My experience is that, at most companies, discovery research needs to spruce up its sloppy attitude to characterisation. (I dread to think what happens in academia, where we used to wait weeks for MS because the people were too busy doing *research* to be *bothered* with mundane structure confirmations). The approach that works in most cases has already been hinted at; synthesise batch 2, for preference by a different chemist, on a gram scale, and fully analyse (tlc and hplc) and characterise – Yes! Use C-nmr to check that all the carbons are there (!), and that their 1-bond and 3-bond couplings are logical. This is also an excellent nmr learning exercise for new BSc chemists.
The overall theme of this post, as well as the comments are that more diligent characterization is needed, even in high volumes.

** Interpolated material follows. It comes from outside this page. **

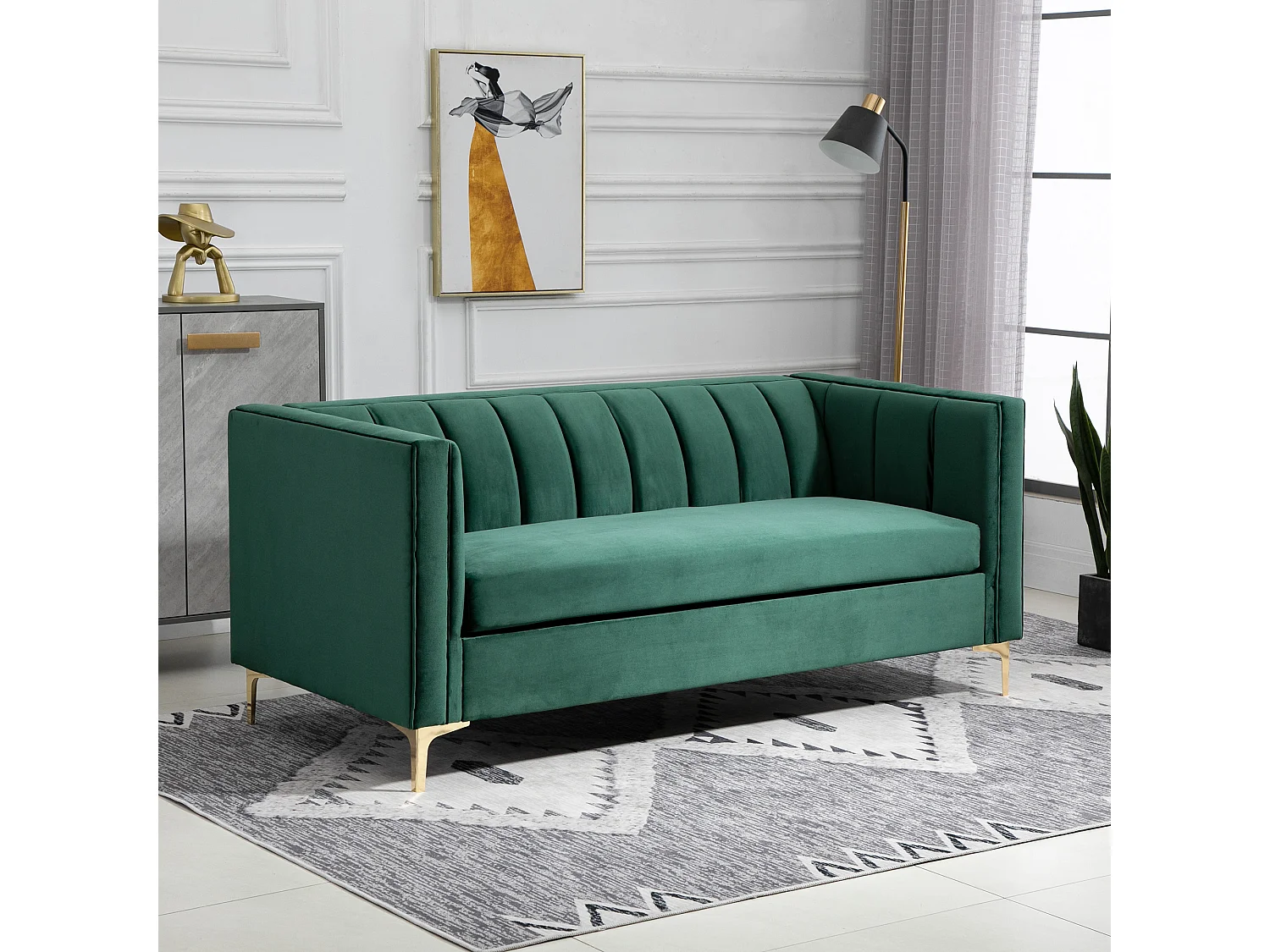 Canapé 3 places style Art Déco piètement acier doré revêtement velours vert sapin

This outlines one of the issues in this industry that we are trying to address through automated structure verification. But the argument for the system is of course that organizations do not have the personnel to diligently check the identity of the structure against analytical data from all different sources. An automated QC of these results can help address a good chunk of these concerns.
Of course one of the major concerns that comes up, is whether or not we can completley eliminate false positives. The answer of course right now is no. And of course it will likely always be no. Sometimes there are just really challenging problems.
Of course, nothing beats the diligent manual analysis by an analytical expert, but we all know that there is the time/money dilemma which is inevitable, and it’s the reason why many organizations are unable to practice the due diligence that Derek and some of his readers are advocating.